# Last Day Buck



## kdinkel (Oct 29, 2014)

Sorry this is so late. New to the site. After a 20 year break from hunting I started muzzle loader again last year. Last day of the hunt last year I was able to take a 2 point last year and was hooked again. After spending the hunt seeing everything I couldn't shoot (elk, moose, etc) I finally got into some bucks. After having some technical difficulties I was finally able to get this guy on the last morning. The only shot I had was with him facing me. The bullet ended up going in the chest and out the back leg. Even without the buck, the hunt was amazing. Going to a long year until next fall!


----------



## RandomElk16 (Sep 17, 2013)

Nice buck!

And welcome. Kick off your boots and stay awhile!


----------



## utahgolf (Sep 8, 2007)

cool deer, looks like a whitetail rack!


----------



## lunkerhunter2 (Nov 3, 2007)

Awesome buck, very tall!
I am guessing this wasn't Utah?


----------



## kstorrs (Oct 29, 2012)

That is a very cool buck! Good job!


----------



## kdinkel (Oct 29, 2014)

Thanks for all the compliments! It was a fun hunt and I have two daughters interested in going next year! It is a Utah buck. I know it is taboo to list areas, but it is a Wasatch front buck.


----------



## bowgy (Oct 10, 2007)

Awesome buck.


----------



## ridgetop (Sep 13, 2007)

Cool looking buck. Congrats.
What kind of scope is that on your muzzleloader?


----------



## Nambaster (Nov 15, 2007)

I want to see a side view of that amazing buck... He looks unique


----------



## kdinkel (Oct 29, 2014)

The scope is just the 1x muzzleloader $59 dollar one from sportsman's. I think it is a traditions. I have added a few different views of the horns. It doesn't look like much from the side. When I scoped him he was standing broadside and I though it was a 2x3. It wasn't until I after I had killed him that I saw he was a 4x4.


----------



## Nambaster (Nov 15, 2007)

Ya that buck has some awesome character. I love how front heavy he is.


----------



## USMARINEhuntinfool (Sep 15, 2007)

That buck is sweet! Good job!


----------



## Bow hunter mojo (Oct 12, 2013)

Congrats! I shot my first muzzleloader buck this year and I had a great time. I really like the character of your bucks rack. Way to go!


----------



## kdinkel (Oct 29, 2014)

Thanks for the comments! I am hooked for good now. Just purchased a new muzzleloader for next season! Bow hunter, do you have any pics of your buck?


----------



## kdinkel (Oct 29, 2014)

Just to keep things moving here is a pic of the mount of this buck. Just got it back yesterday. Normally I wouldn't have mounted it, but some friends convinced my that I should due to the uniqueness.
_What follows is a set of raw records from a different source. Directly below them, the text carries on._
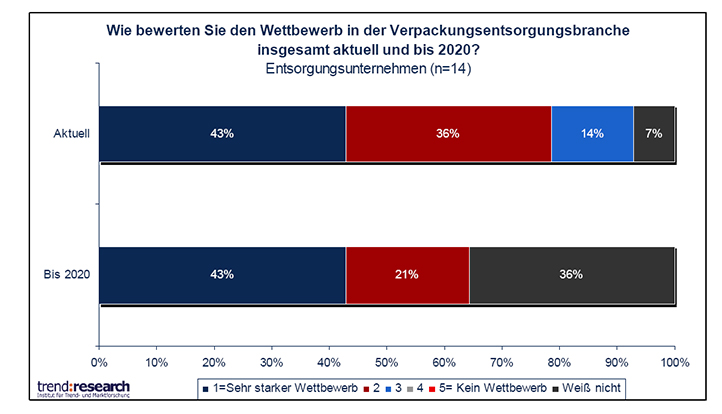 Einschätzung der Wettbewerbsintensität in der Verpackungsentsorgungsbranche aktuell und bis zum Jahr 2020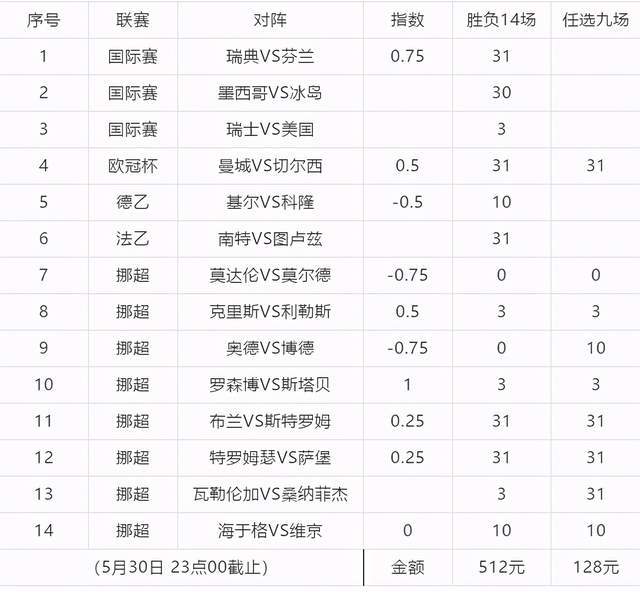 〖足彩欧冠决赛预测足彩欧冠比分〗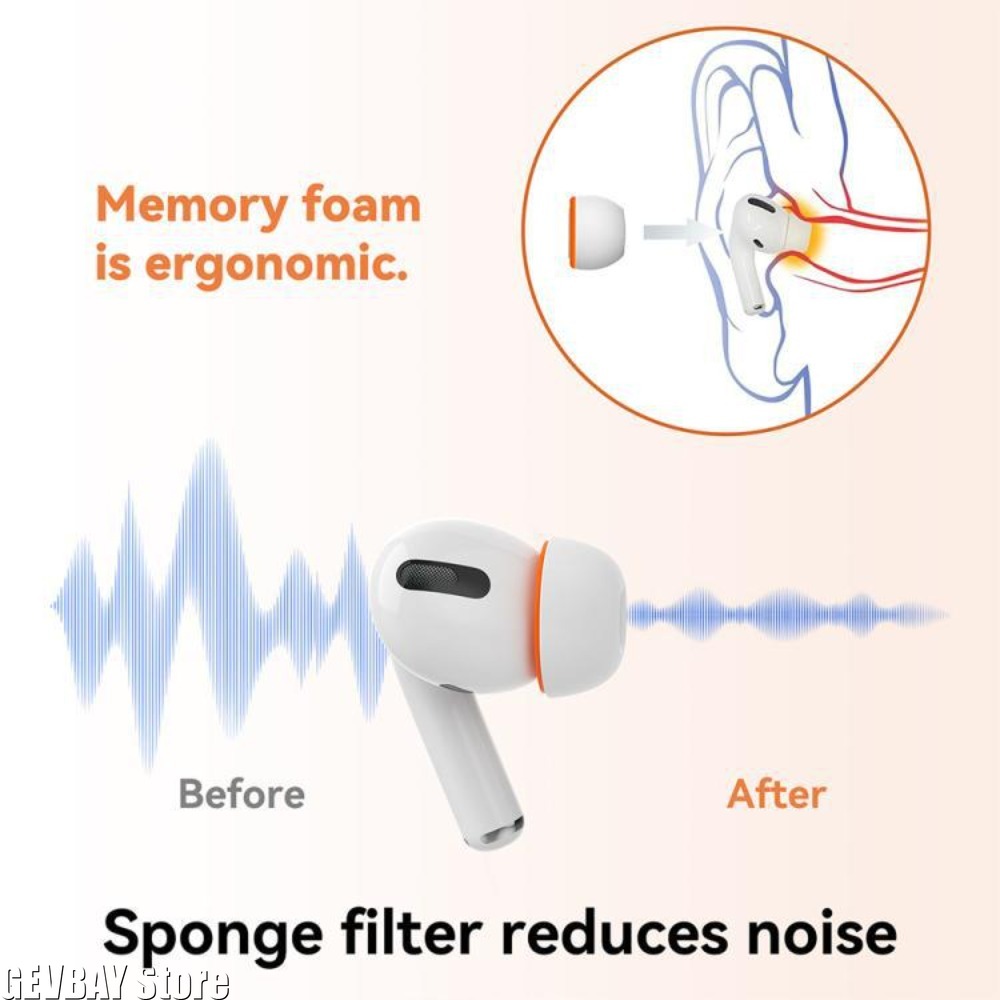 Cómodas Almohadillas de Repues - Earphone Foam Tip reseña y precio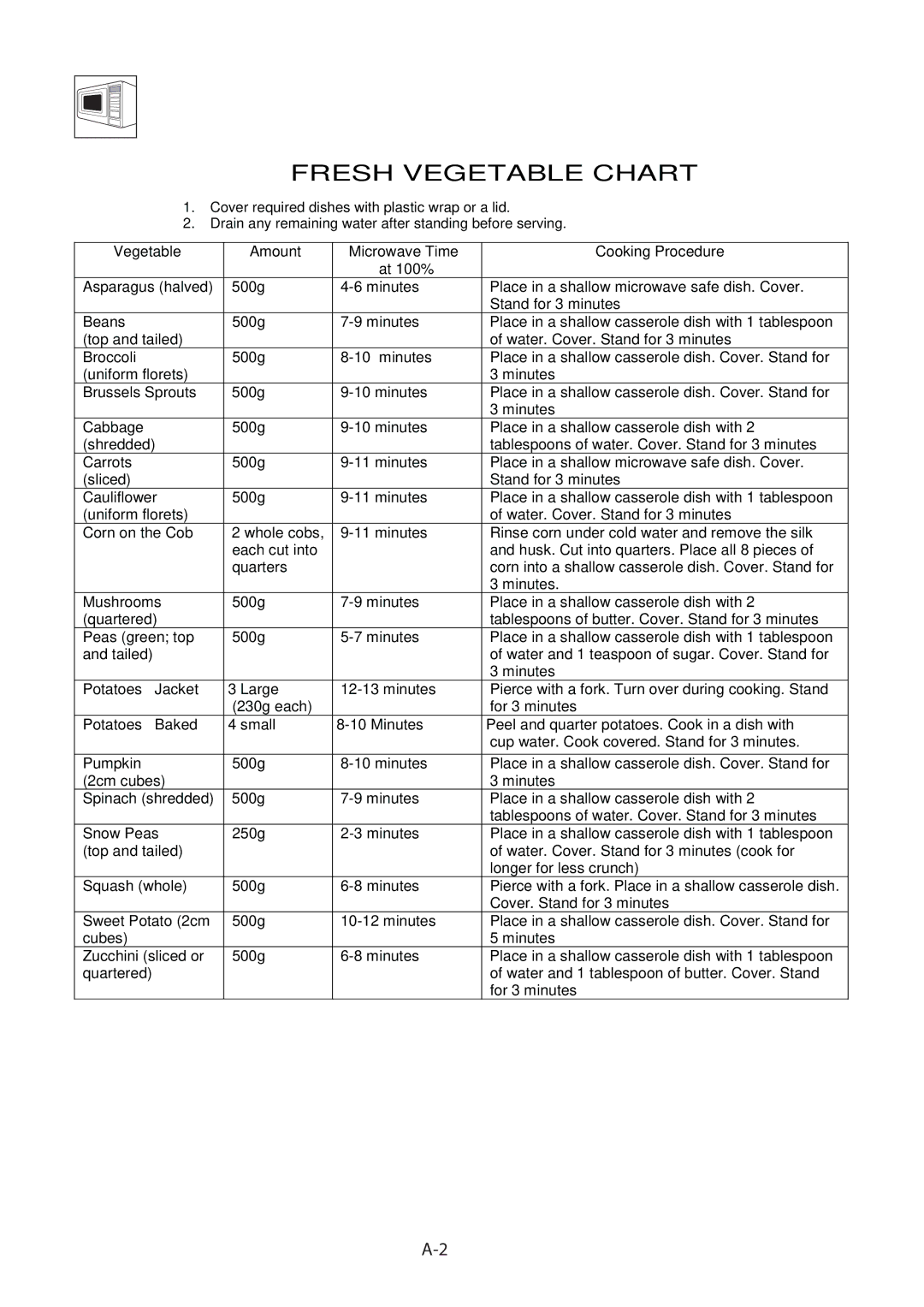 Sharp R-60A0S operation manual Fresh Vegetable Chart 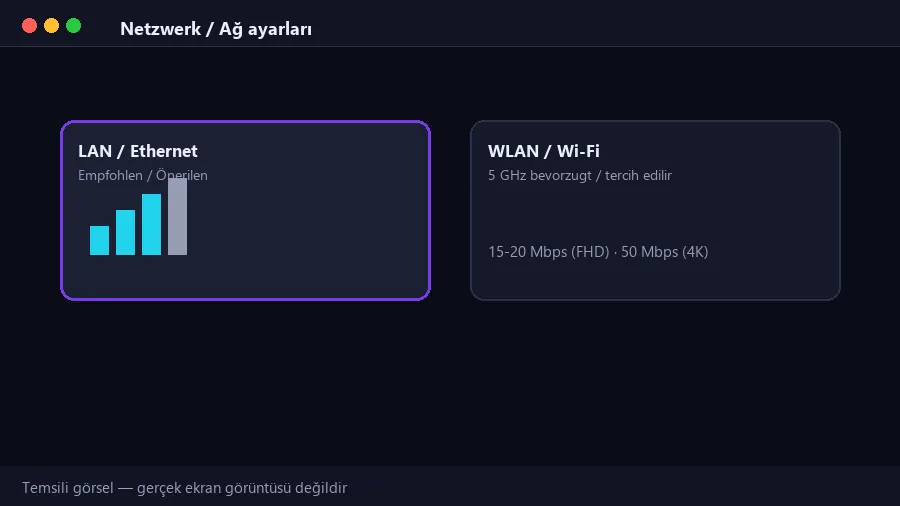 Temsili görsel: LAN ve 5 GHz Wi-Fi karşılaştırması ve önerilen hızlar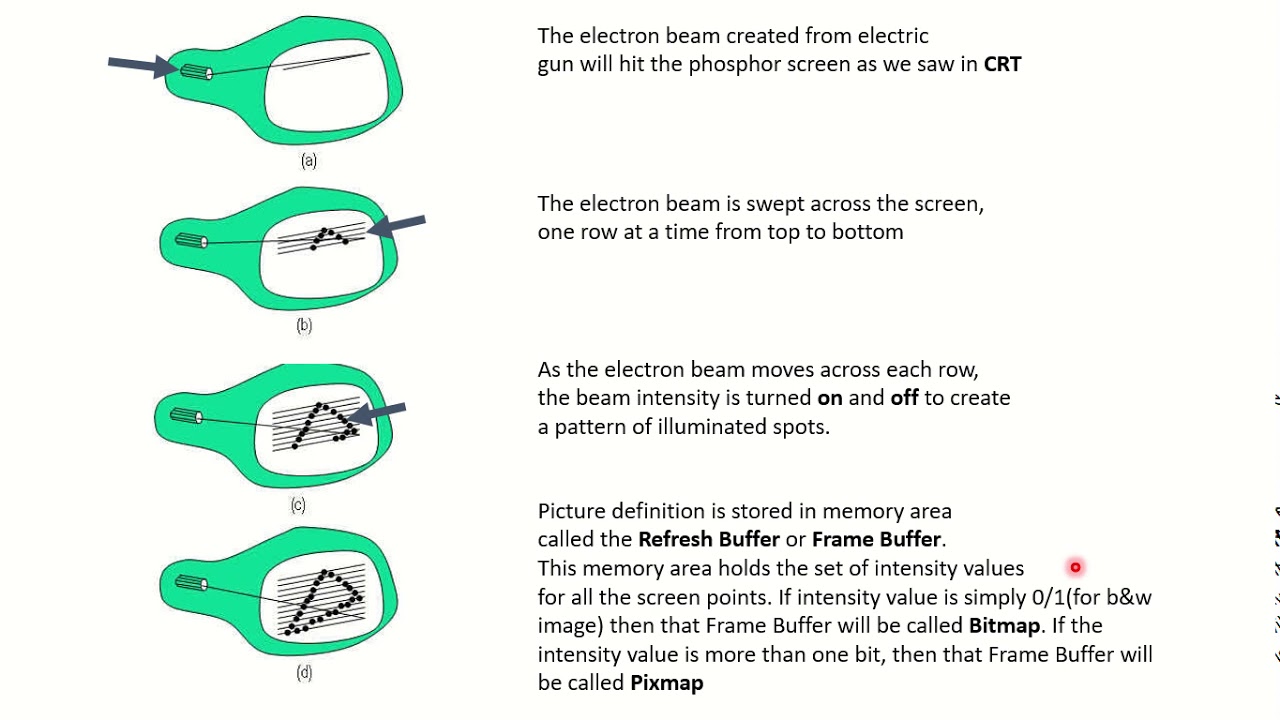 Lecture 2 Part II - YouTube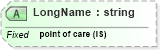 XSD Diagram of LongName in schema datatypes_xsd (Health Level Seven (HL7))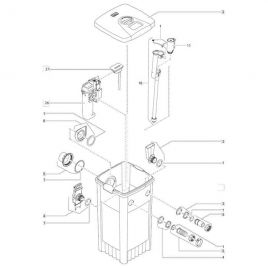 Oase set de joints filtomatic 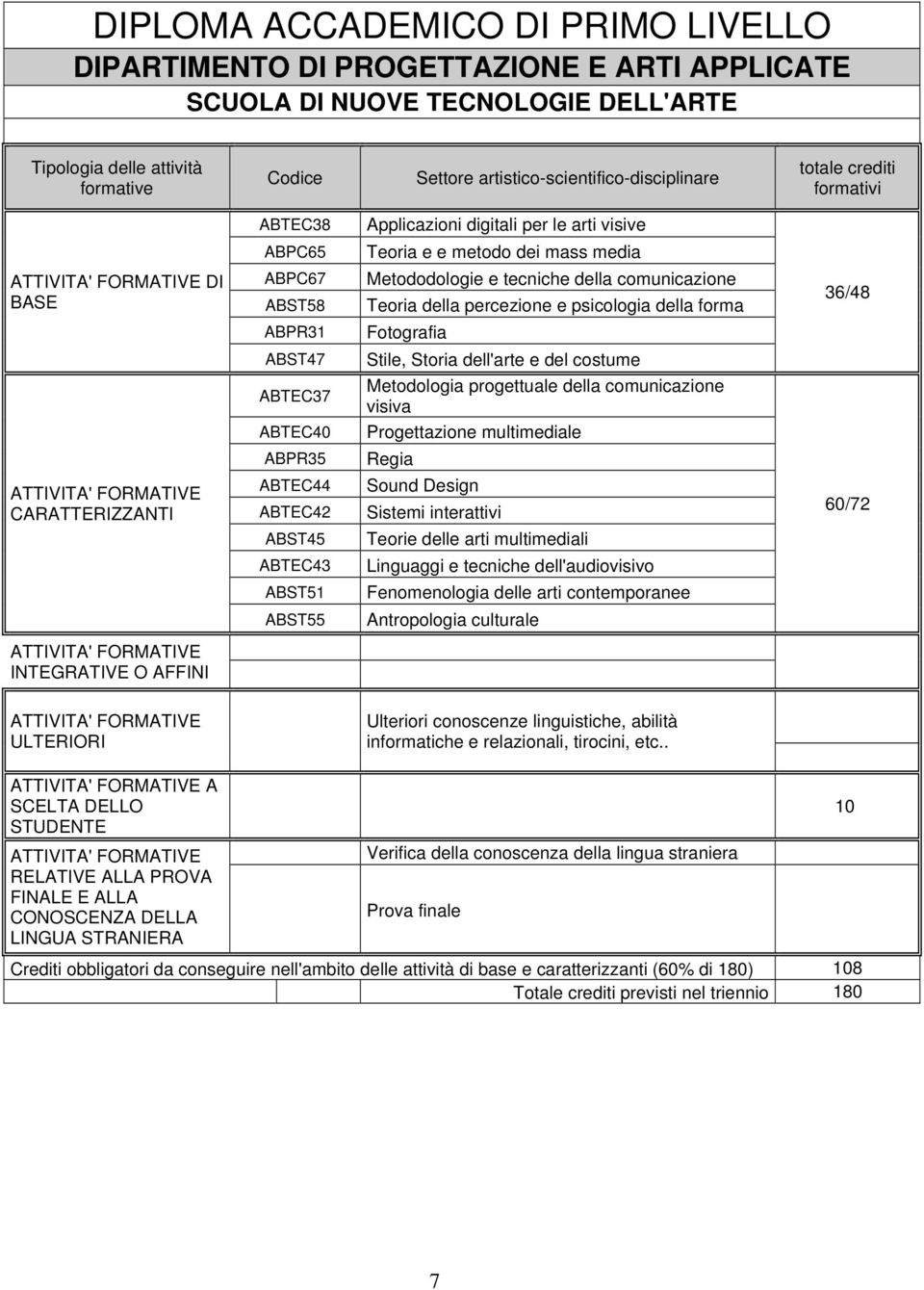 della comunicazione Teoria della percezione e psicologia della forma 36/48 ABPR31 Fotografia ABST47 Stile, Storia dell'arte e del costume ABTEC37 Metodologia progettuale della comunicazione visiva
http://utahwildlife.net/forum/attachment.php?attachmentid=56218&stc=1&d=1427929489


----------



## muleymadness (Jan 23, 2008)

Cool buck


----------



## Lonetree (Dec 4, 2010)

Sonic hedgehog double thumbs, with amazing symmetry, very cool.


----------



## Nambaster (Nov 15, 2007)

I really want to see images of the mount but the link is broken...


----------



## willfish4food (Jul 14, 2009)

Good call on mounting it (even though I can't see the mount yet cause the link is broken). The rack on that buck is something special for sure. Love the symmetry, especially on the fronts, and I'm really liking the LONG backs!


----------



## kdinkel (Oct 29, 2014)

Thanks everyone. Works for me if I click on it, but I will try again to get it to show.


----------



## GaryFish (Sep 7, 2007)

Great looking deer. I love the rack on that thing with the triple front tines. Very cool. And thanks for sharing the hunt with us.


----------